A: By 2016, the regulatory agencies of various countries intend for the manufacturing companies of e cigarettes to be licensed. Currently, no standard for quality and safety exists. Studies here have shown that the amount of nicotine placed in e cigarettes can vary widely even within the same company. This variable amount of nicotine means that the e cigarette would not be a good way to stop smoking. Another concern with e cigarettes is that they could become the “gateway” for nonsmokers to start smoking. The Centers for Disease Control found that 20% of users of e cigarettes in the United States have never smoked before. Recommendations to stop smoking at this time are to use licensed medication and behavioral support, and if you don’t smoke, don’t start!

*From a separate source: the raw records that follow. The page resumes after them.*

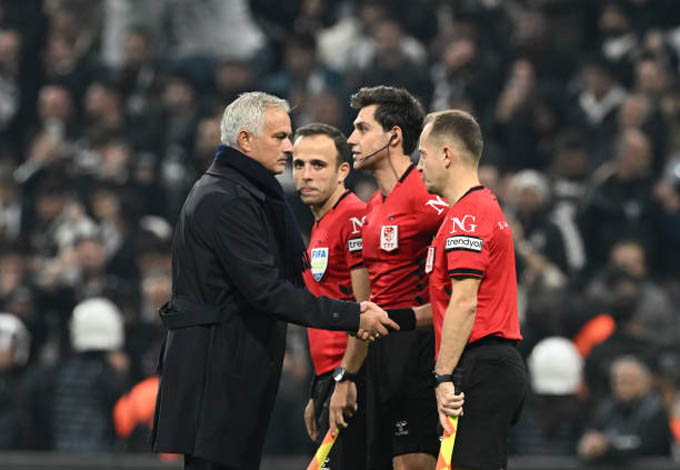 Jose Mourinho lại mỉa mai trọng tài sau trận thua của Fenerbahce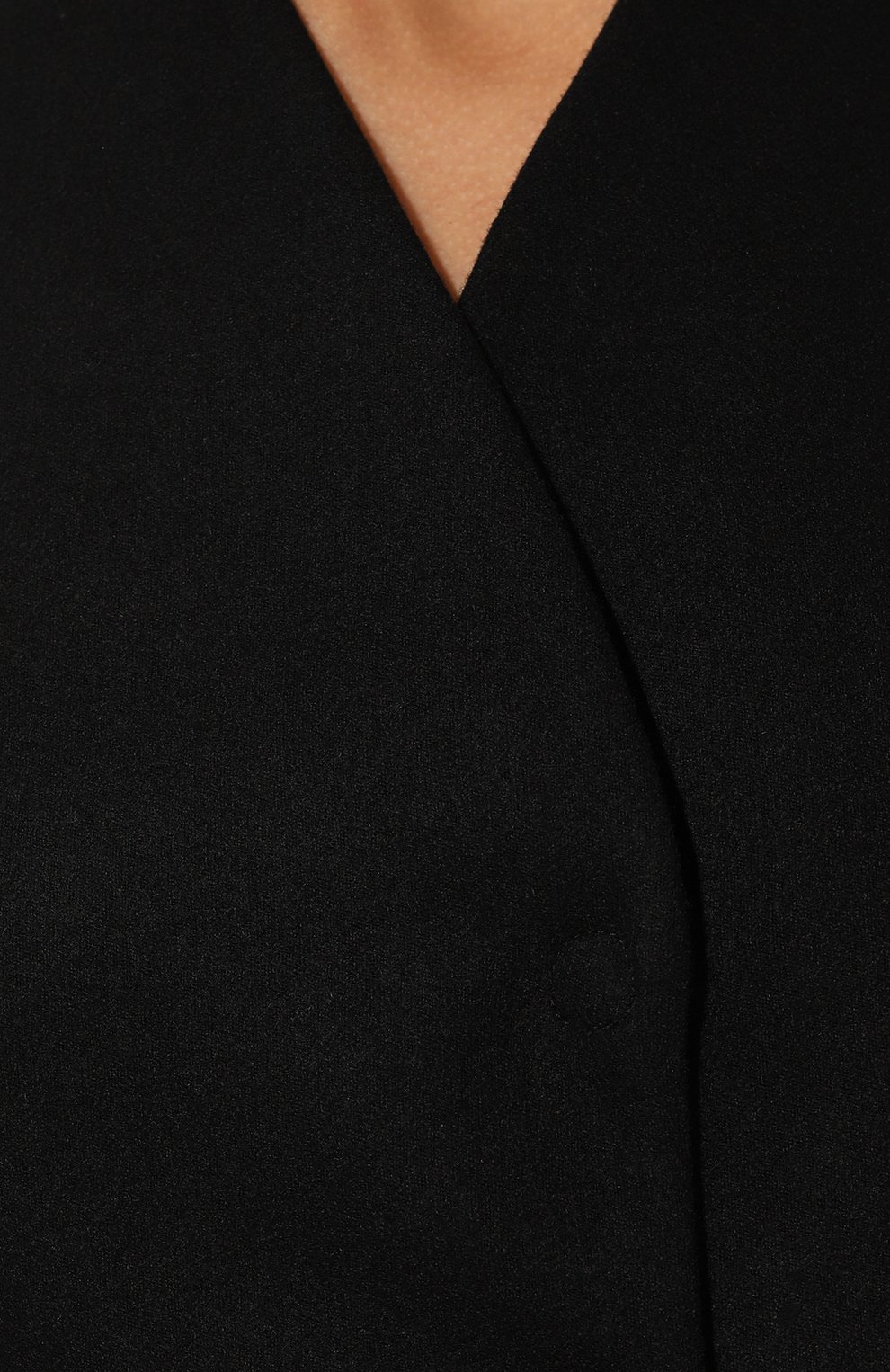 Жилет из шерсти и кашемира GIORGIO ARMANI черного цвета по цене 98550 руб., арт. GW000213/TE10537, фото 5 Жилет из шерсти и кашемира GIORGIO ARMANI, арт. GW000213/TE10537, фото 5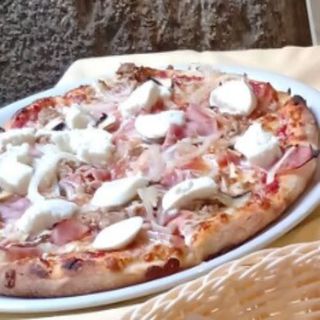 Pizza Roma (Mediana)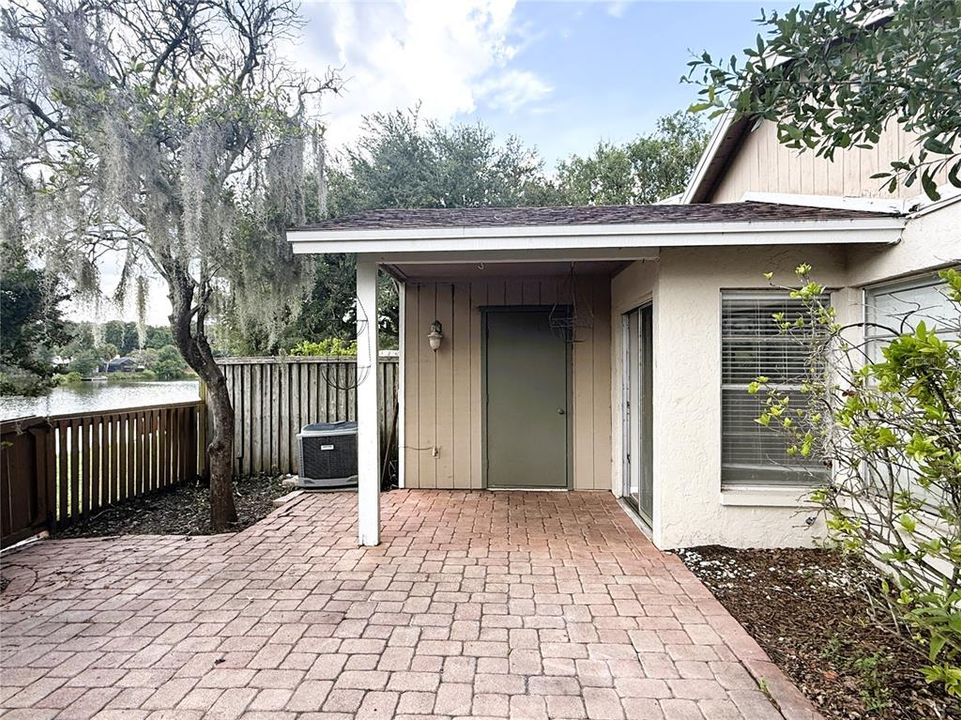 For Rent: $2,150 (3 beds, 2 baths, 1160 Square Feet)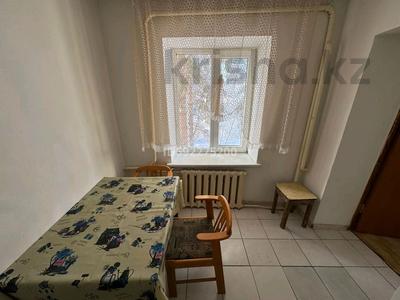 3-бөлмелі пәтер, 70 м², 2/2 қабат ай сайын, мкр Каргалы, Кенесары хана 117 — Напротив гипермаркета МАГНУМ, бағасы: 200 000 〒 в Алматы, Наурызбайский р-н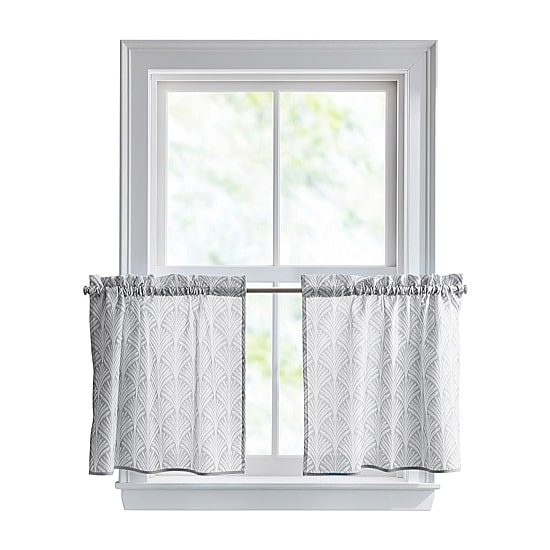 CHF Fan Scallop Rod Pocket Tailored Valance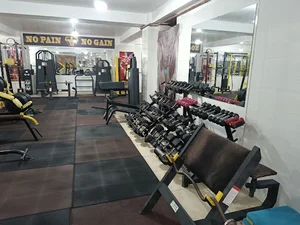 باشگاه بدنسازی پردیس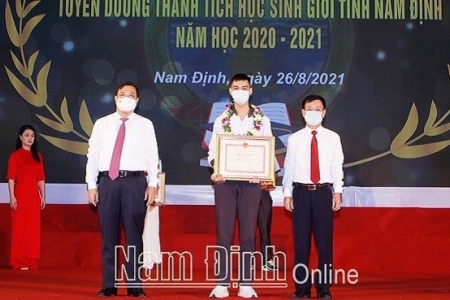 Nam Định: Tuyên dương thành tích học sinh giỏi năm học 2020 - 2021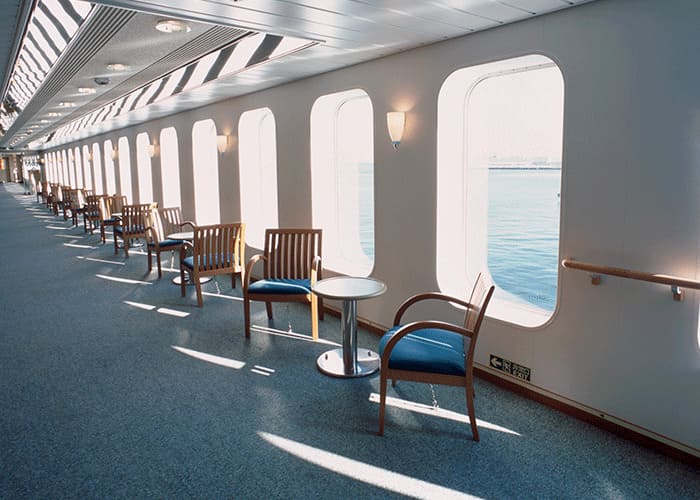 船内 プロムナード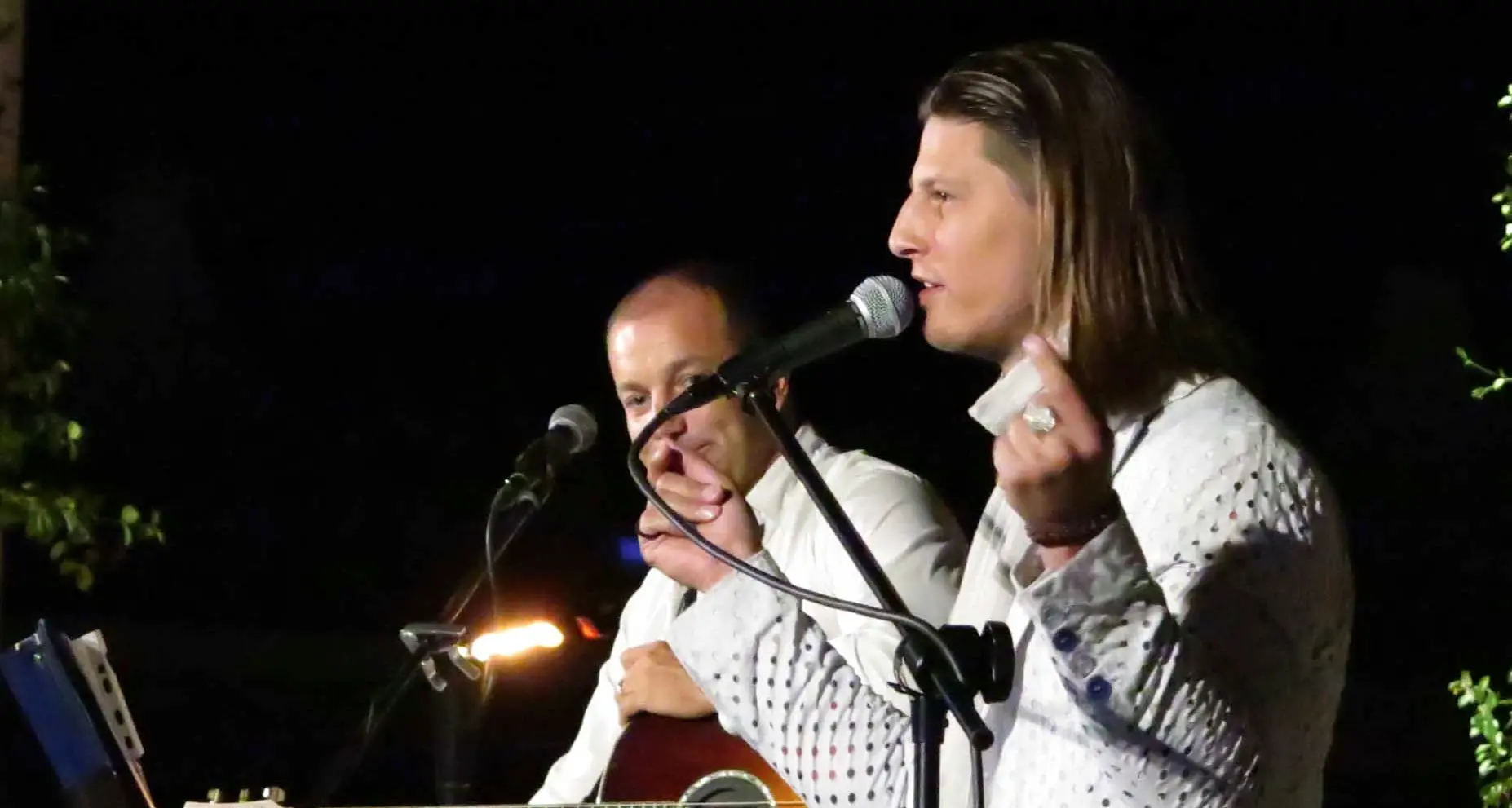 Nick Casciaro, concerto alla Spiaggia degli Olivi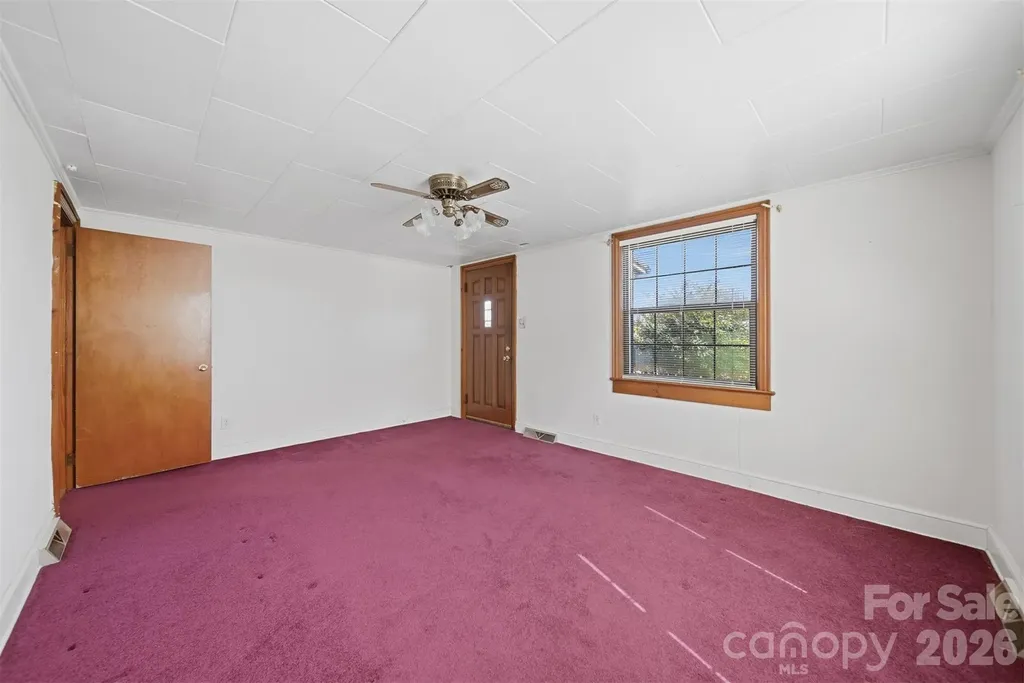 2421 35th Street Court NE Hickory NC 28601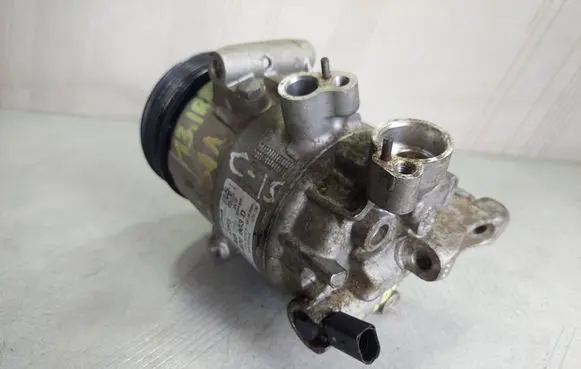 Audi A3 S3 8V Air conditioning (A/C) compressor (pump) 5Q0820803D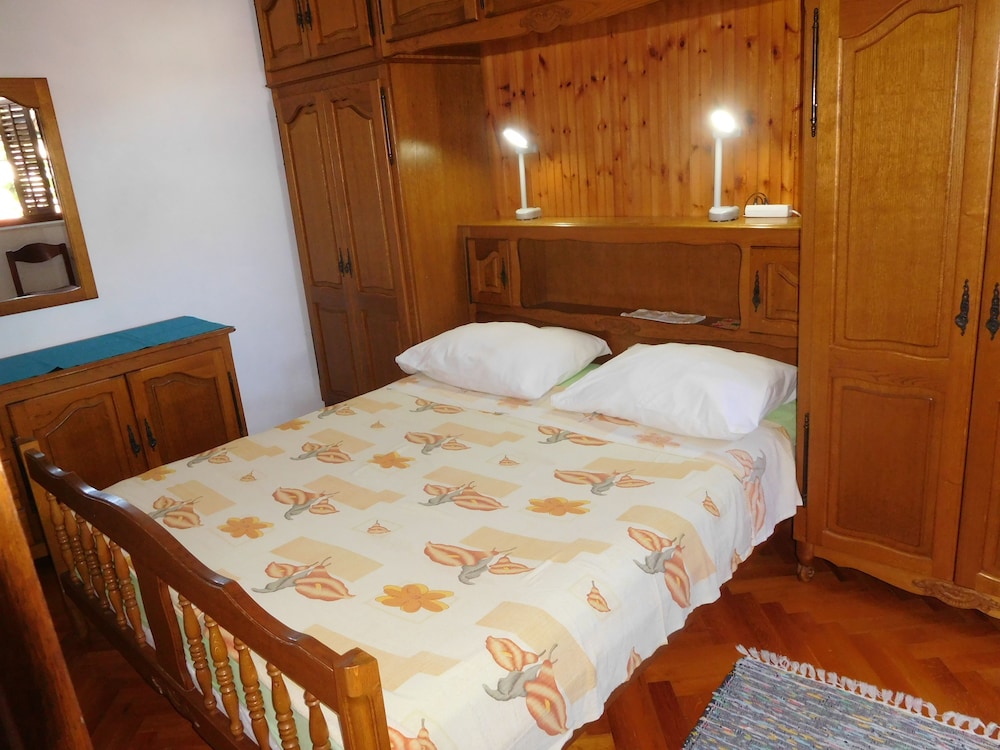 Apartment, 2 Bedrooms, Terrace, Sea View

November is Lung Cancer Awareness Month. Having a month designated to this disease is important since lung cancer is not “popular” or promoted as other cancers are and knowledge about this cancer is lacking. Accounting for more than 25% of all cancer deaths, lung cancer kills 160,000 people every year. The death rate from lung cancer is greater than deaths attributed to colon, breast, pancreatic, and prostate cancers combined. Early detection is the cure. However, because of extreme difficulty in detecting at an early stage, nearly 90% of lung cancer patients die from this deadly disease. Therefore, fewer survivors are able to spread awareness about lung cancer.
Efforts are being made to change this extremely high mortality rate. For example, this past summer, a Preventive Services Task Force finally recommended annual CT scans to screen for lung cancer for patients at risk. This change is estimated to save 20,000 lives every year. Prior to the Task Force recommendations, little evidence supported screening for lung cancer besides the traditional annual chest x-ray. In 2010, the National Cancer Institute conducted a large scale clinical trial with 53,000 participants. The study found that smaller cancers could be detected by CT scans, thereby reducing the death rate by 20% in the highest risk group, which includes very heavy smokers.
Following the recommendations of the task force has the potential to change medical practice by making CT screening the standard of care for high risk smokers. Patients may not have to pay for the scans themselves as they would likely be covered by insurance and Medicare. Patients who would benefit from a CT screening are those between the ages of 55 and 80 years old who have a smoking habit of a pack a day for thirty years or more (even if they haven’t smoked for the past 15 years) and are medically able to undergo surgery if a cancer is found.
Obviously, the most effective way to reduce lung cancer is for smokers to stop smoking. The American Cancer Society marks the Great American Smokeout on the third Thursday of November each year by encouraging smokers to use the date to make a plan to quit or to plan in advance and stop smoking that day. By quitting — even for one day — smokers will be taking an important step towards a healthier life – one that can lead to reducing cancer risk.